Not much. Just something. Is it doable? I’m not sure. Perhaps I’ll know better once I’ve finished the Chinese Room blog post (which is well under way).
Direction of Cultural Evolution
I want to write up a short working paper that would be directed toward the newly formed Society for Cultural Evolution. This – the direction of cultural evolution – is an old topic of mine, and I’ve already written a short blog post to this end. This is prompted by the new paper by Morin & Acerbi on a two-century decline in emotional expression in Anglophone fiction. They don’t appear to be aware of relevant work in digital humanities, and, correlatively, the DH folks aren’t aware of them.

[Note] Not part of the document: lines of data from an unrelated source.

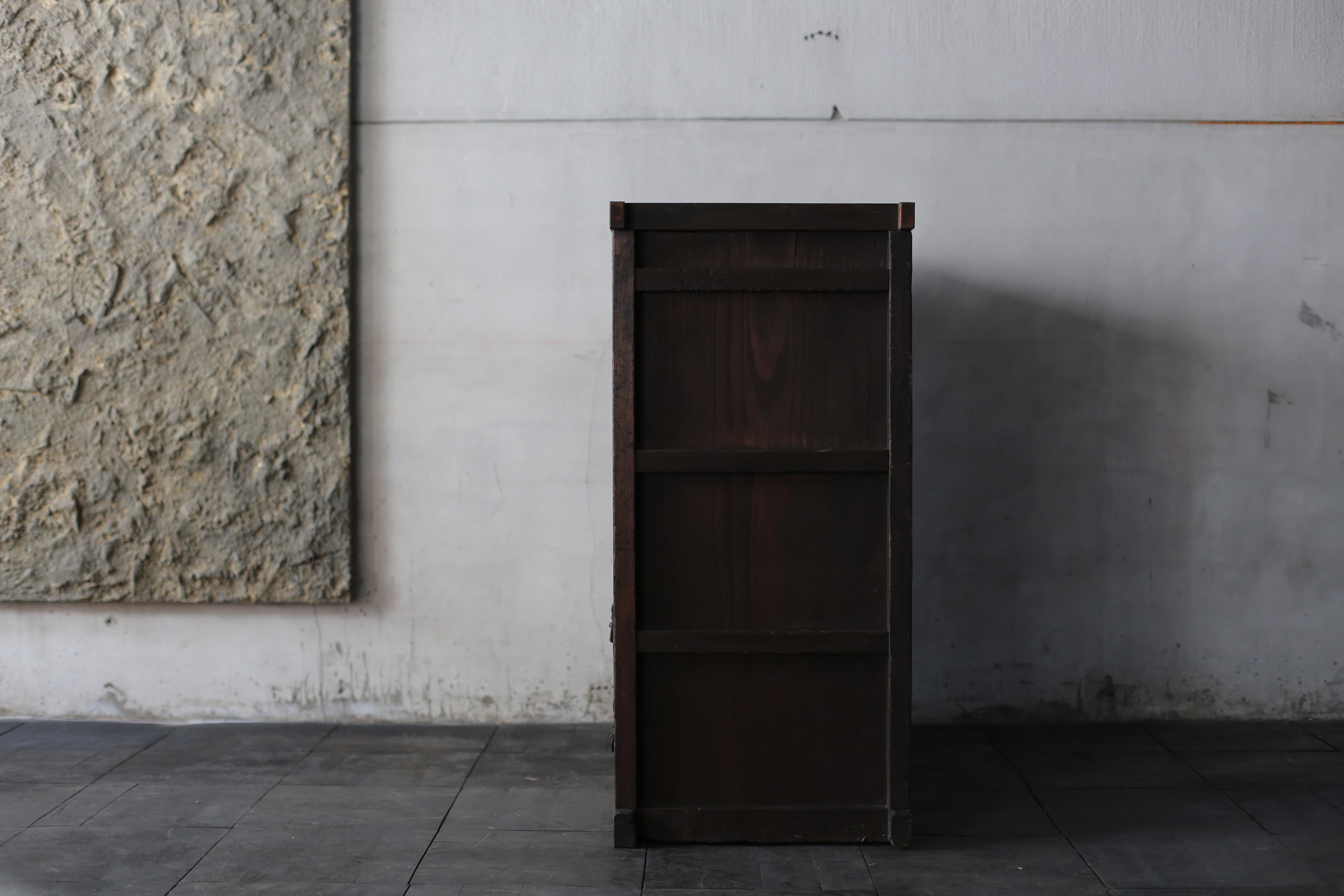 Travail du bois Ancienne commode japonaise Tansu 1860s-1920s en vente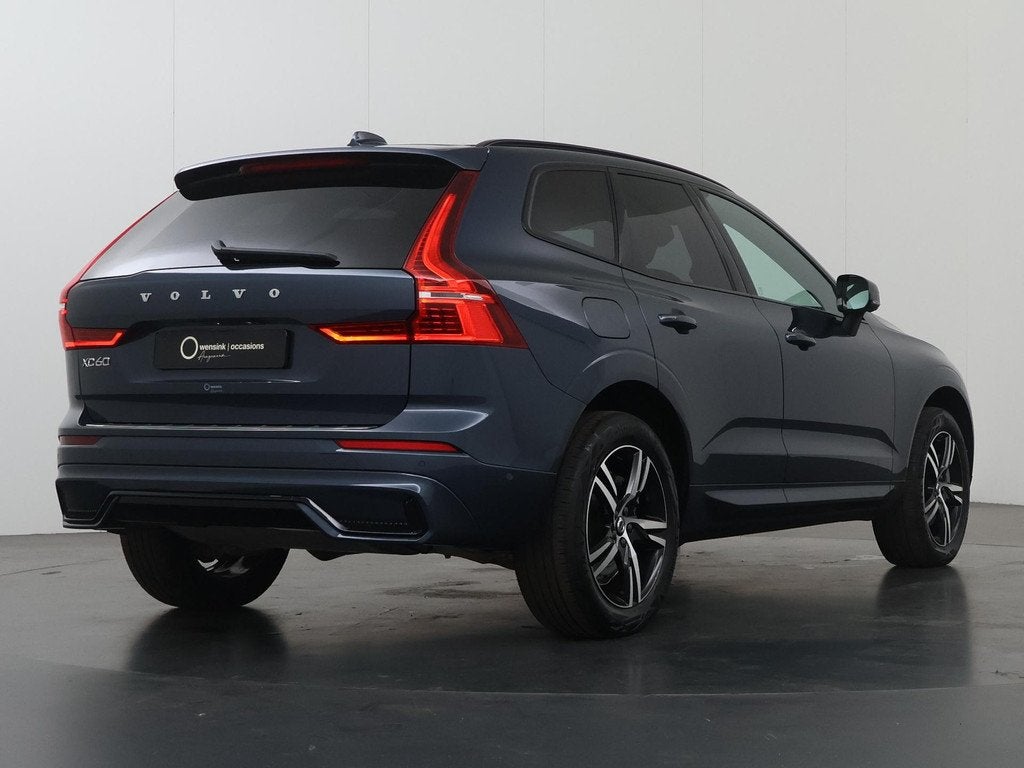 Volvo XC60 2.0 T6 Plug-in hybrid AWD R-Design | Panoramadak, Auto's, Volvo, Automaat, Gebruikt, Euro 6, 4 cilinders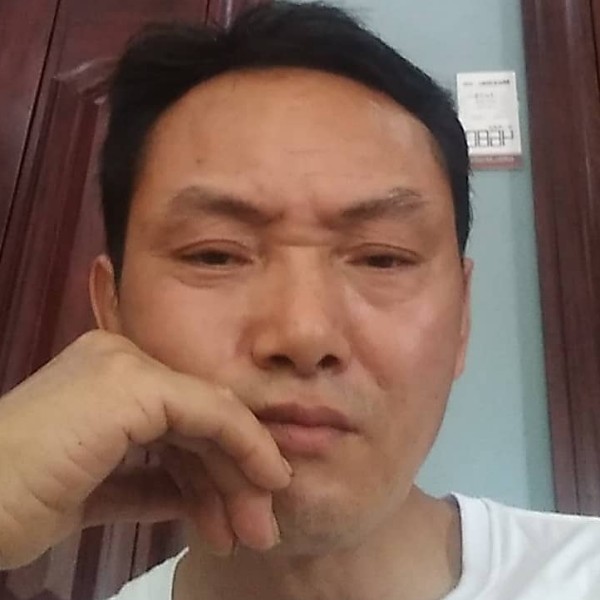 汪哲齐的照片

The basic purpose of this piece is to make some conceptual and theoretical connections – I’ve already done a flurry of emails and tweets to get these folks connected with one another. I’m quite comfortable with the idea that cultural evolution has direction, but it’s a tricky topic.
Rejected by NLH
In late September of this year I’d submitted a paper (Sharing Experience: Computation, Form, and Meaning in the Work of Literature) to New Literary History, my first formal submission to a literary journal in a decade or so. The paper has been flat-out rejected. That’s not terribly surprising, though obviously it’s not what I wanted or even expected. And the terms of rejection – I’m thinking of the reviewer’s report – are familiar, with echoes of the rejection of my first “Kubla Khan” paper three decades ago.

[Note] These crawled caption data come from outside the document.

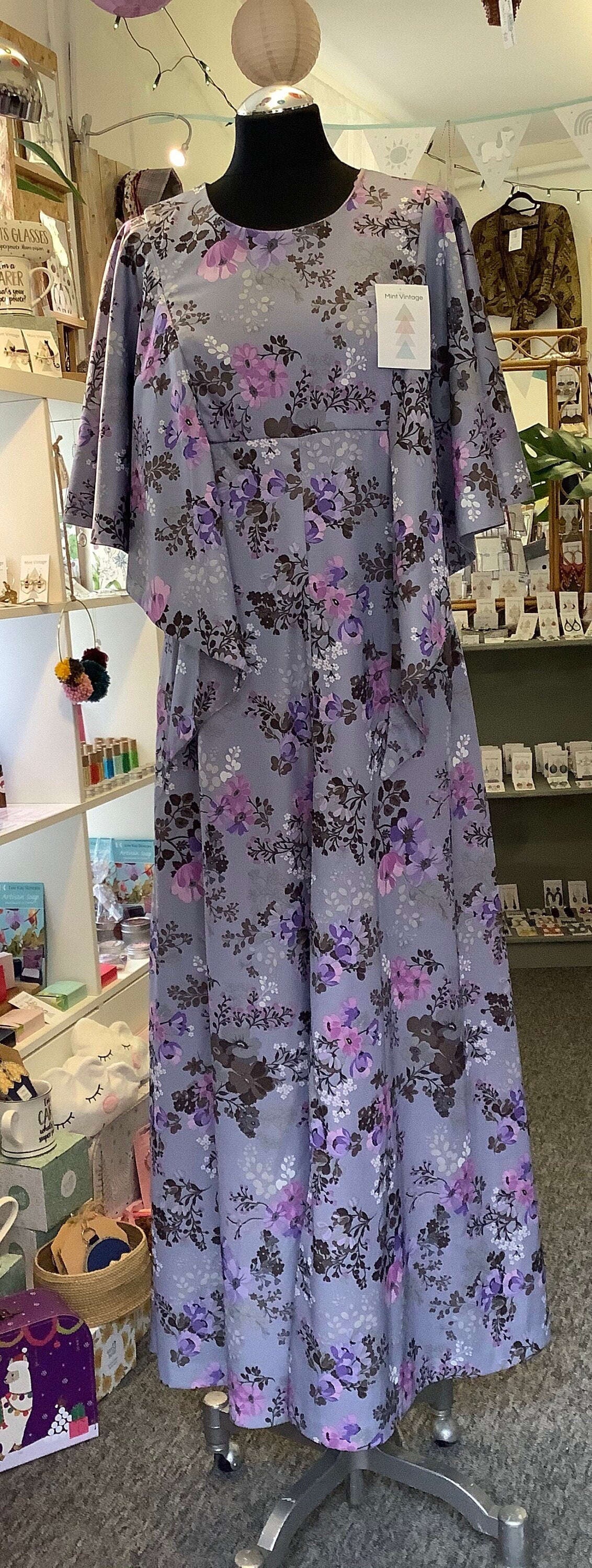 Vintage 1970βs cape sleeve floral maxi dress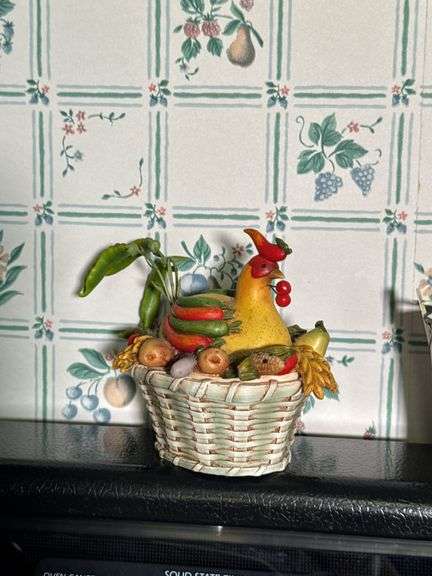 PFALTZGRAFF UTENSIL HOLDER, SALT AND PEPPER SHAKERS, MINI OIL PITCHERS, MAGNETS, LITTLE WALL DECOR,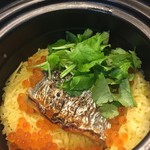Meshi To Sake Kuchinashi - 太刀魚とイクラの土鍋飯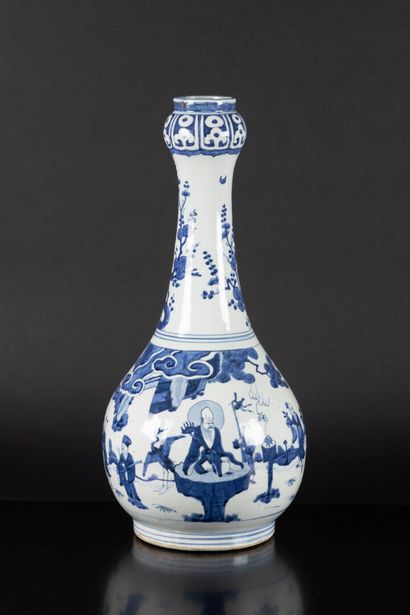 CHINE - Vers 1900
Vase de forme 'suantouping'...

What do I make of this rejection? I does seem I misjudged the receptivity of NLH, so that’s one thing. While the journal is actively looking for “new things” perhaps not this new. So I want to think about that.
Here’s what I’m thinking. First I say what I got out of the article. Most of it is old stuff. What struck me about the final draft was simply the contrast between my ring-form analysis of Obama’s Eulogy for Clementa Pinckney and the comments I’d quoted from Glenn Loury. That speaks to the difference between naturalist criticism and ethical criticism. Then I’ll recap the initial rejection of by “Kubla Khan” paper, quoting from the referee’s report.

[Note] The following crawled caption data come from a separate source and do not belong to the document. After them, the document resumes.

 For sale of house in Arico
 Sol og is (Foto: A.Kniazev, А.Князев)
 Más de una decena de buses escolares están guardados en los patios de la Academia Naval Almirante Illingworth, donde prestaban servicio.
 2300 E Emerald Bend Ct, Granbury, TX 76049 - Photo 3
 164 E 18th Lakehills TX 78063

That sets things up to consider the referee’s report on my submission. Here I’ll quote it at least in part, if not in full (it’s not very long, two paragraphs). I suppose this isn’t kosher, but I don’t know who the referee was, so I’m not giving up anyone’s secrets. I’m most interested in pointing out the similarity between this rejection and the old one. That’s important as that speaks to what the profession is and is not willing to consider.
And then I’ll say something else, though just what I don’t know.
Other things
That’s four short term projects of limited scale. But of course I’ve got other things on my mind. For one thing, what do I do with the rejected article? Do I submit it elsewhere or revise it and submit elsewhere? At the moment, I’m not favoring this, it’s a bit too long for most venues and the things that made it unattractive for NLH will weight against it elsewhere. Perhaps I’ll take a crack at an article on ring-composition. We’ll see.
What about Hamlet and ring-composition? Perhaps I validate the existing ring-form analyses – by Mark Rose and James Ryan – against the Second Quarto text. If that works out I definitely want to publish it in the formal literature, though more likely as a chapter in a book on ring-composition than as a free-standing article. Simply reading the text and doing the validation, if only in the form of notes, is a chunk of work. Not a big chunk, but not something I can simply fit in on an open afternoon or three. If I do that much I’ll likely want to write it up as a blog post or even a working-paper. Then I can think about checking the other two Hamlet texts.
Then there’s the possibility of a book on cultural evolution – a publisher is interested. This would give me a chance to collect a bunch of my work over the past several years. I’m not sure whether I’ll be able to edit existing texts into the book or whether it might be best to write a new next more or less from scratch, but most of it closely based on existing working papers. The general idea would be to argue the expressive culture is itself a force in history – Shelley’s unacknowledged legislators. We’ll see.
And then there’s the Bergen Arches Project. This is not an academic project. The Bergen Arches is the local name for the Erie Cut, which is a mile-long trench blasted through Jersey City in the early 20th century. It carried for railroad lines through the city to the Hudson River and was abandoned in the mid-1960s. It is now is all-but-forgotten. The Arches could be turned into a spectacular park that would have a major impact on Jersey City.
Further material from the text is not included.